Work request: Which lines run from the line with "Fiori e insetti" to the end of the entries? Write out exactly those, leaving out the pictures.

(Crawled caption data)
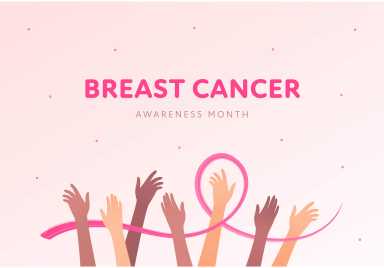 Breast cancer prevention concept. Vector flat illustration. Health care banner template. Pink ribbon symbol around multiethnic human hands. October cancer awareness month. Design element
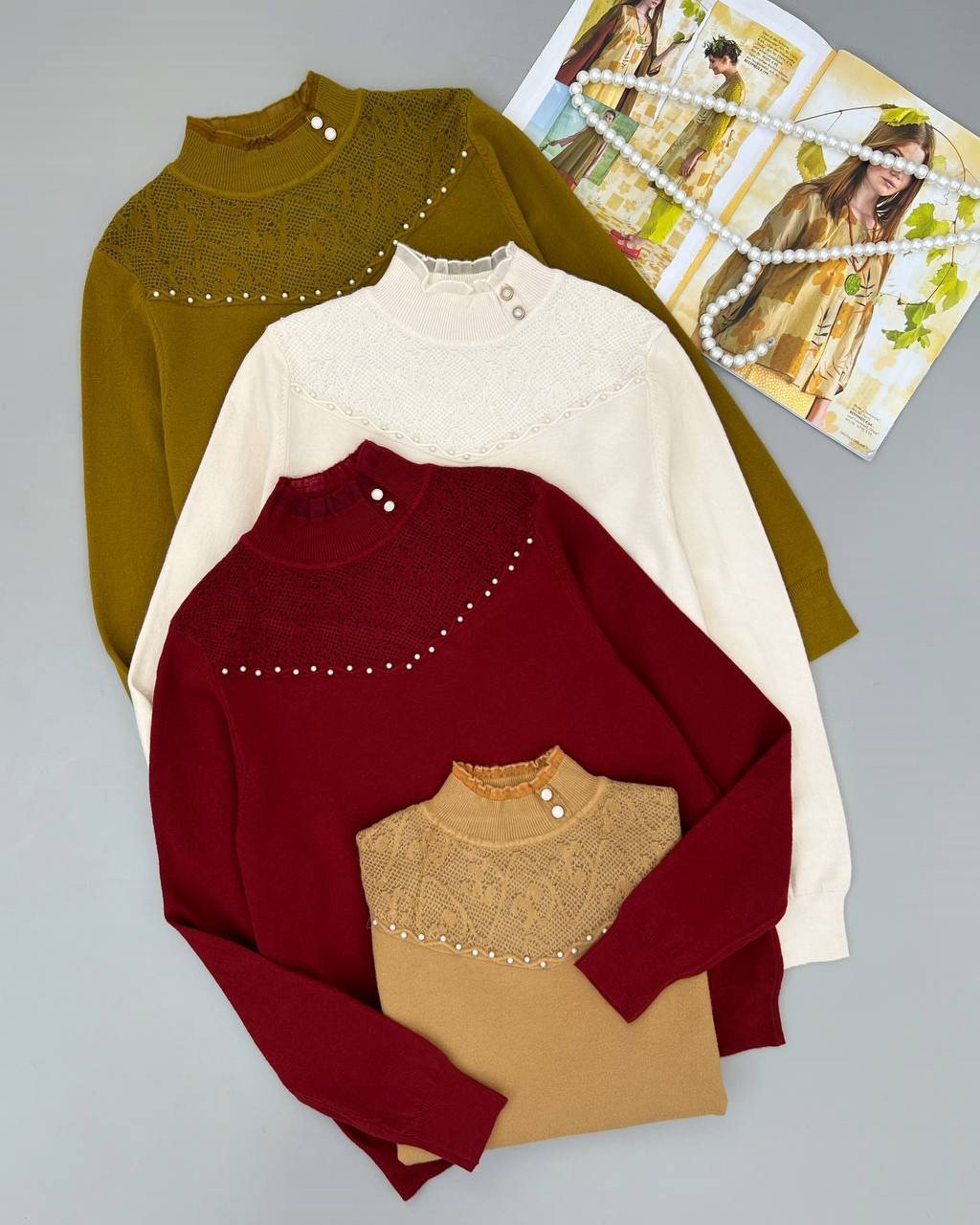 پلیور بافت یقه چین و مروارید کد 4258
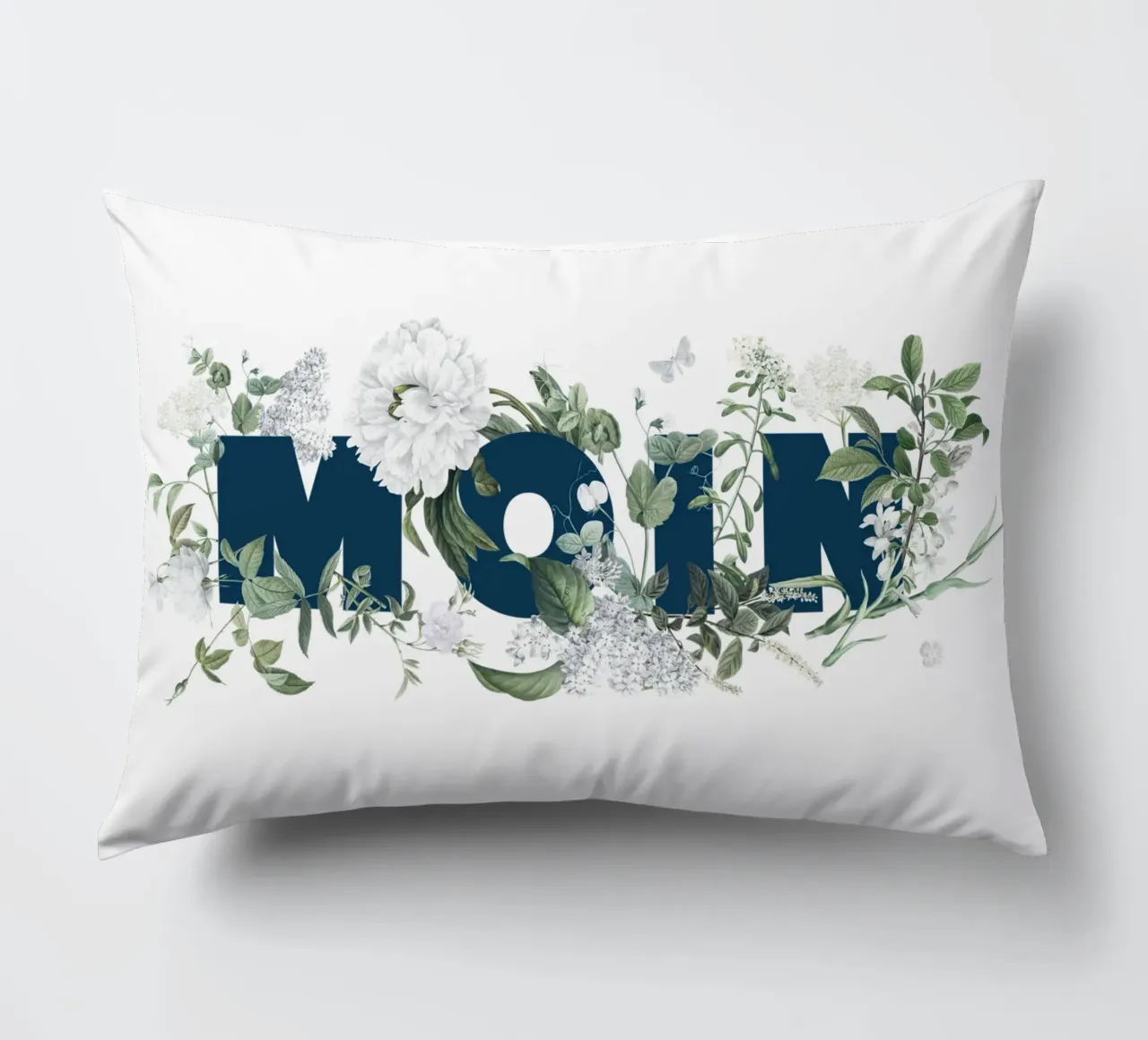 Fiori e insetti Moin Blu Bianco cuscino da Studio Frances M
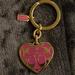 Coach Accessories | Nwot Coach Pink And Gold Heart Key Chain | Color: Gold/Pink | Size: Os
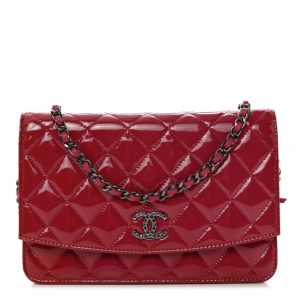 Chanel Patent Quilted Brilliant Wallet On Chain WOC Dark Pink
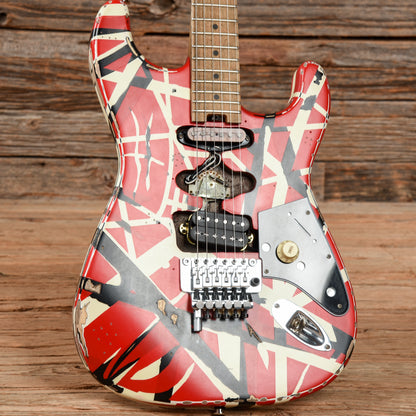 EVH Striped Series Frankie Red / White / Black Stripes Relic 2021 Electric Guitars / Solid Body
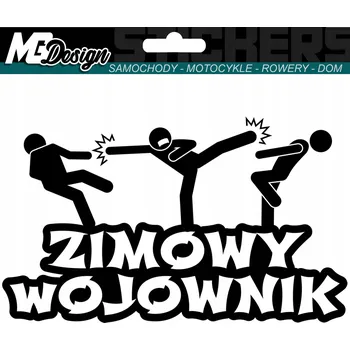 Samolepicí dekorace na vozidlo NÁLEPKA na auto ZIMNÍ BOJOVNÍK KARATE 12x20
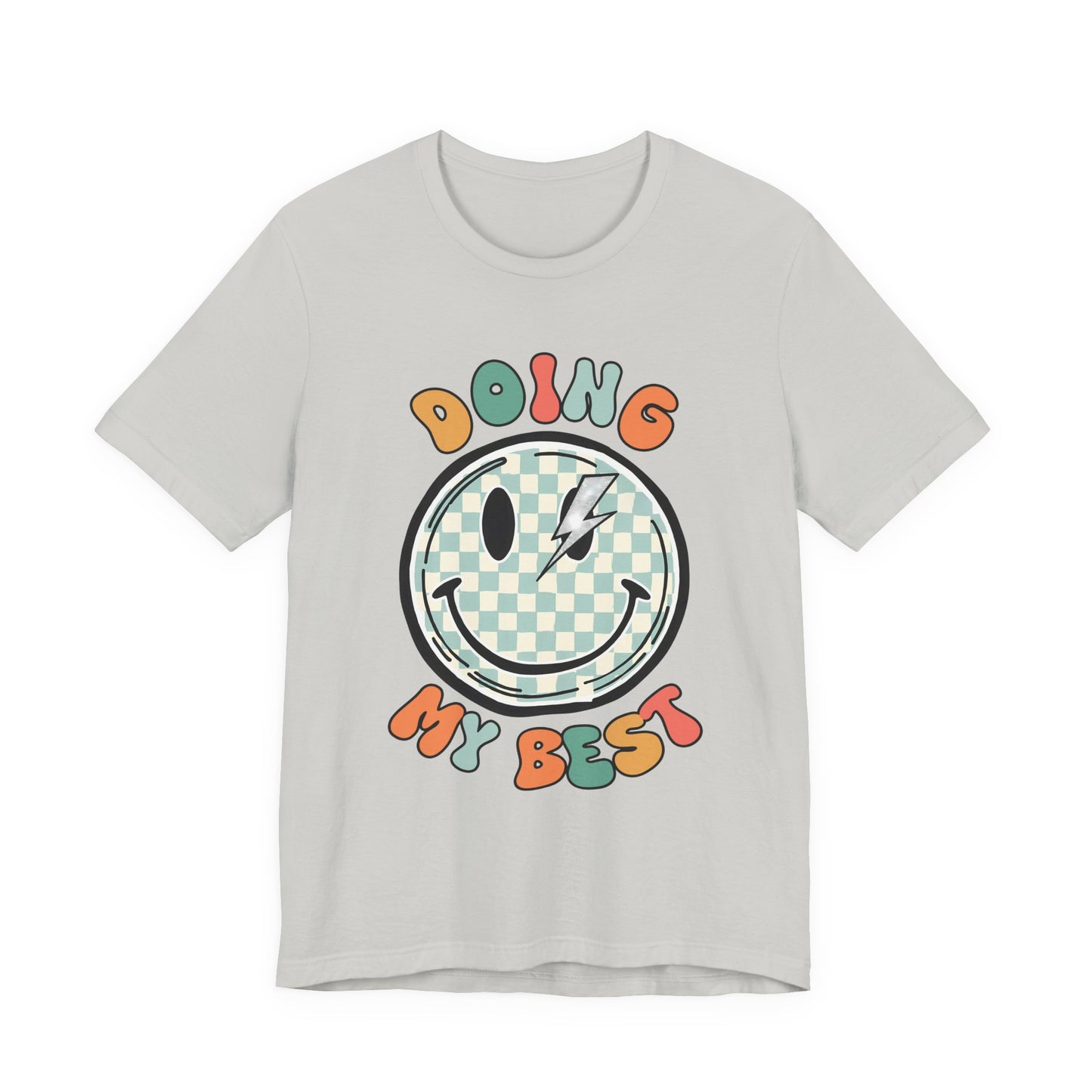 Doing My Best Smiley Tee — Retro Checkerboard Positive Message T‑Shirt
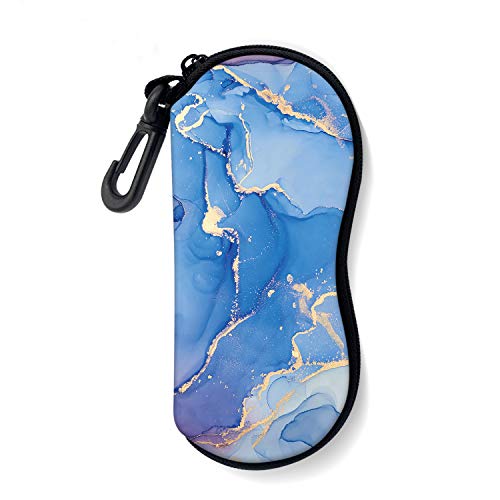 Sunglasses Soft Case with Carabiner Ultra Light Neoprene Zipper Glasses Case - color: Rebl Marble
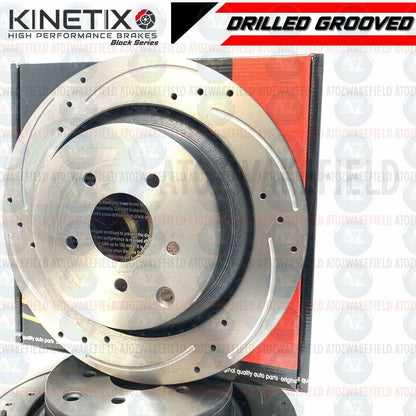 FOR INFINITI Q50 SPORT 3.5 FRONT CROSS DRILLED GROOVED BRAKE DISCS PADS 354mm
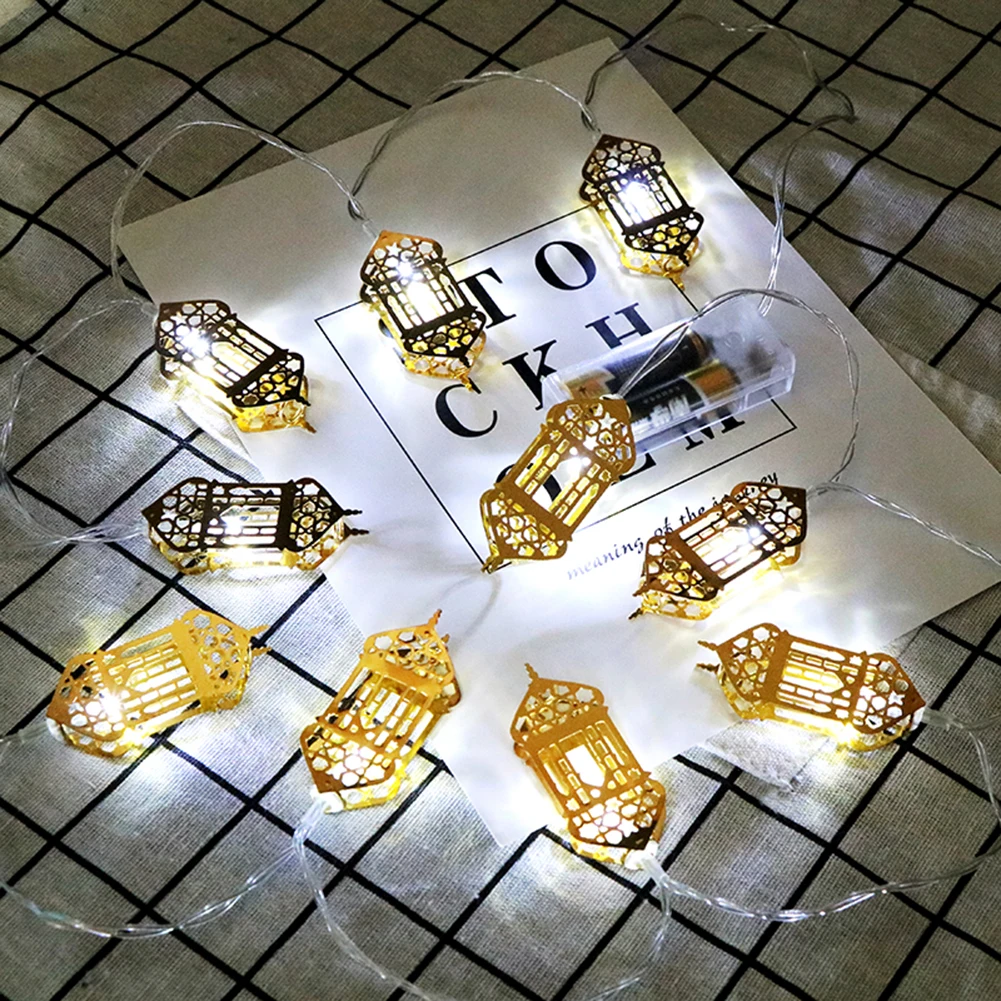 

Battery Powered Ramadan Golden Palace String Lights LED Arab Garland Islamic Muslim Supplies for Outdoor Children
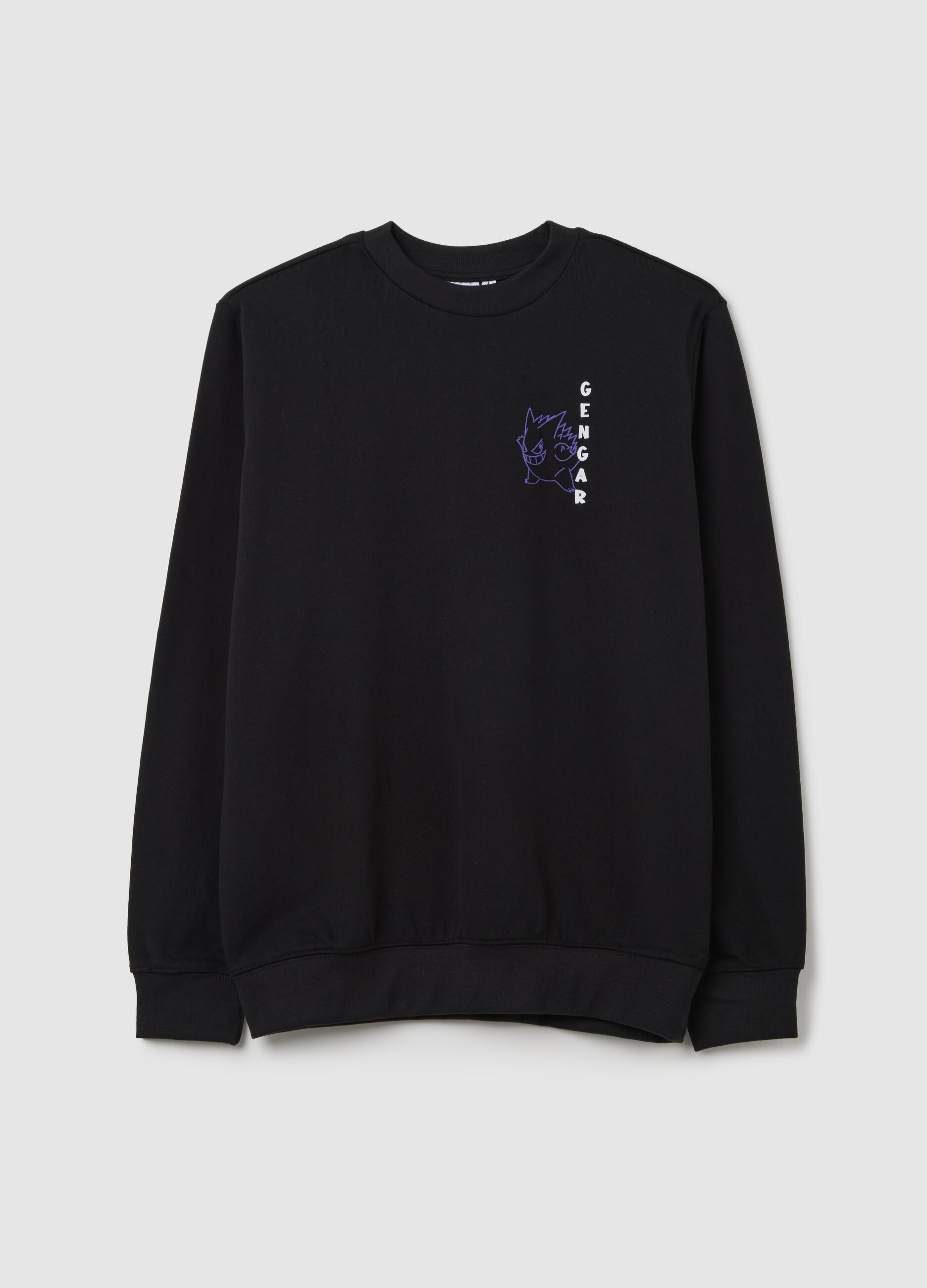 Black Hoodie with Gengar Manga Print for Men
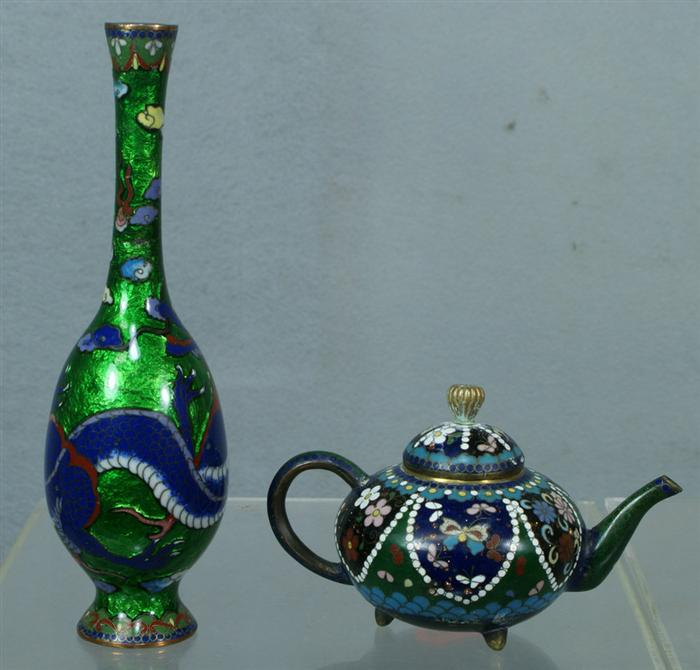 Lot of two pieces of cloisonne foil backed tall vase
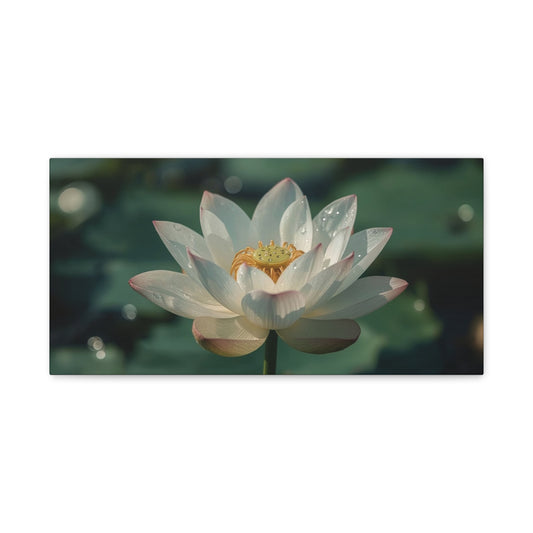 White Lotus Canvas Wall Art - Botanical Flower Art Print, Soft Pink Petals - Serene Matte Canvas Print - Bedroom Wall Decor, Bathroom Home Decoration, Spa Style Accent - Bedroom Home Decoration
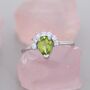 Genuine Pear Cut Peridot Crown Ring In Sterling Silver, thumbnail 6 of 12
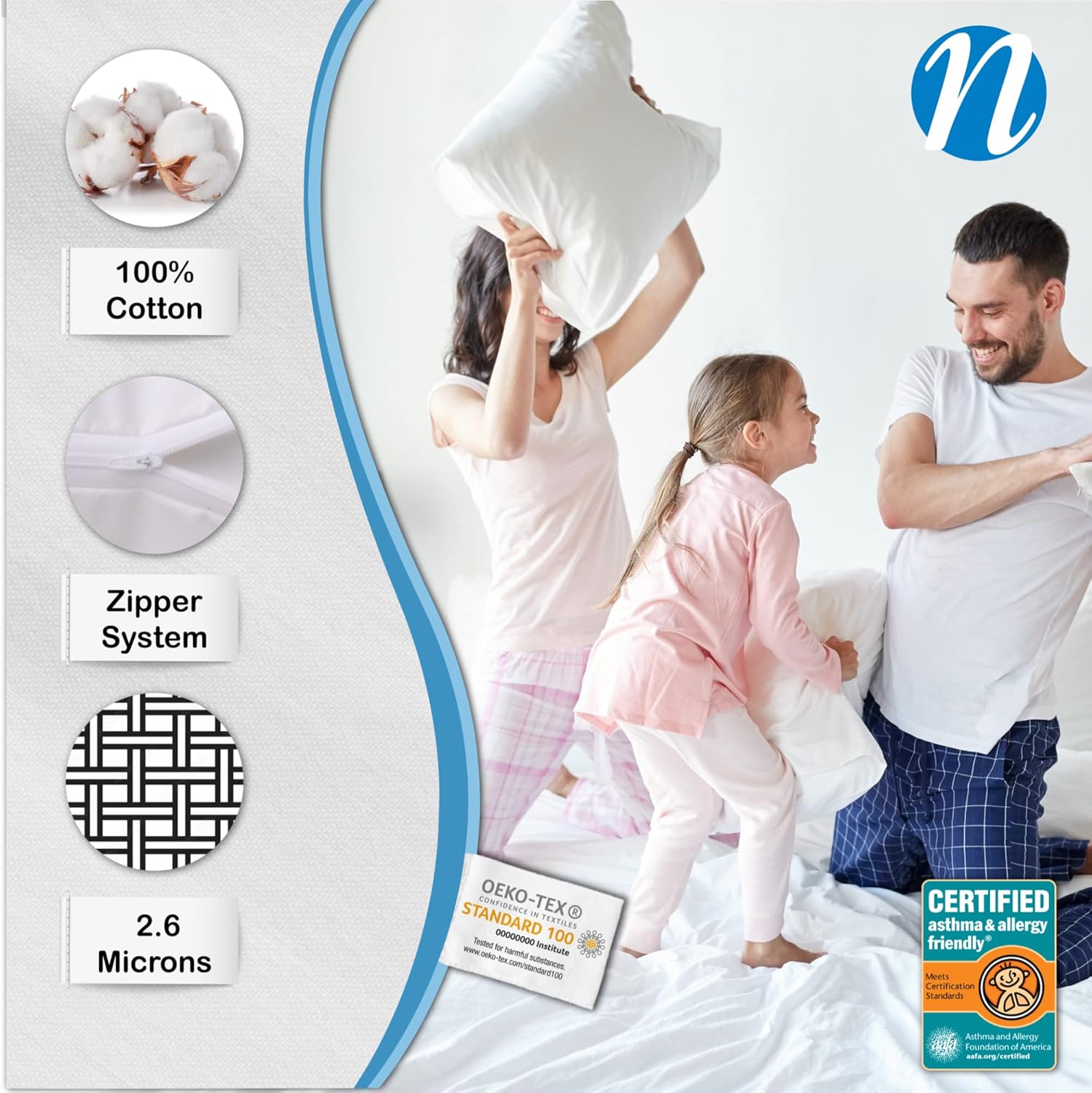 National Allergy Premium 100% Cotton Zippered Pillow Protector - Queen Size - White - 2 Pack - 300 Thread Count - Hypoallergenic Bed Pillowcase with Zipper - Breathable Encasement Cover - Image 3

Answer for this exercise:
 Fiori e insetti Moin Blu Bianco cuscino da Studio Frances M
 Coach Accessories | Nwot Coach Pink And Gold Heart Key Chain | Color: Gold/Pink | Size: Os
 Chanel Patent Quilted Brilliant Wallet On Chain WOC Dark Pink
 EVH Striped Series Frankie Red / White / Black Stripes Relic 2021 Electric Guitars / Solid Body
 Samolepicí dekorace na vozidlo NÁLEPKA na auto ZIMNÍ BOJOVNÍK KARATE 12x20
 Doing My Best Smiley Tee — Retro Checkerboard Positive Message T‑Shirt
 Sunglasses Soft Case with Carabiner Ultra Light Neoprene Zipper Glasses Case - color: Rebl Marble
 FOR INFINITI Q50 SPORT 3.5 FRONT CROSS DRILLED GROOVED BRAKE DISCS PADS 354mm

Battery Powered Ramadan Golden Palace String Lights LED Arab Garland Islamic Muslim Supplies for Outdoor Children
 Black Hoodie with Gengar Manga Print for Men
 Lot of two pieces of cloisonne foil backed tall vase
 White Lotus Canvas Wall Art - Botanical Flower Art Print, Soft Pink Petals - Serene Matte Canvas Print - Bedroom Wall Decor, Bathroom Home Decoration, Spa Style Accent - Bedroom Home Decoration
 Genuine Pear Cut Peridot Crown Ring In Sterling Silver, thumbnail 6 of 12
 National Allergy Premium 100% Cotton Zippered Pillow Protector - Queen Size - White - 2 Pack - 300 Thread Count - Hypoallergenic Bed Pillowcase with Zipper - Breathable Encasement Cover - Image 3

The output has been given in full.